The Brilliant Path of Worldwide Kosen-rufu

Commentary on Volume 16

by SGI Vice President Hiromasa Ikeda

February 11, 2020, marked the 120th anniversary of second Soka Gakkai President Josei Toda’s birth. In a recent essay (published in the Seikyo Shimbun[1] on February 7, 2020), SGI President Ikeda writes that when he met and conducted dialogues with leading thinkers of the same generation as Mr. Toda in the later years of their lives, they all expressed their great hopes that the SGI would build a hope-filled future.

A great number of President Ikeda’s dialogues with academics and intellectuals born in the same era as his mentor have been published in book form, including Human Rights in the Twenty-first Century with Brazilian Academy of Letters President Austregésilo de Athayde, Dawn After Dark with French art historian René Huyghe and A Lifelong Quest for Peace with Dr. Linus Pauling, a two-time Nobel laureate in chemistry and peace.

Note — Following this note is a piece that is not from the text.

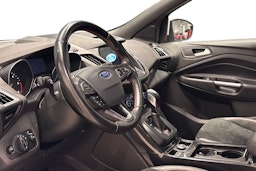 valkoinen Ford Kuga 2018 kuva 7.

At the very outset of President Ikeda’s journey of wide-ranging dialogues were his conversations with one of the greatest historians of the 20th century, professor Arnold J. Toynbee [which took place over 10 days in London in May 1972 and May 1973]. March 2020 marks 45 years since their dialogue, titled Choose Life in English, was published in Japanese.

The “Dialogue” chapter in volume 16 of The New Human Revolution details the conversations between Dr. Toynbee and Shin’ichi Yamamoto. The age difference between Shin’ichi and Dr. Toynbee, who was about 10 years older than President Toda, meant they could have been father and son. Shin’ichi accepts Dr. Toynbee’s invitation to conduct a dialogue with him as he feels that “perhaps Mr. Toynbee had chosen him specifically in order to bequeath his spiritual legacy to the 21st century.”[2]

Shin’ichi recognizes an urgent need for “the concerted efforts of the world’s best minds” and for “discussion and the exchanges of ideas among such people”[3] in order to offer humanity a clear path toward peace within the final three decades of the 20th century.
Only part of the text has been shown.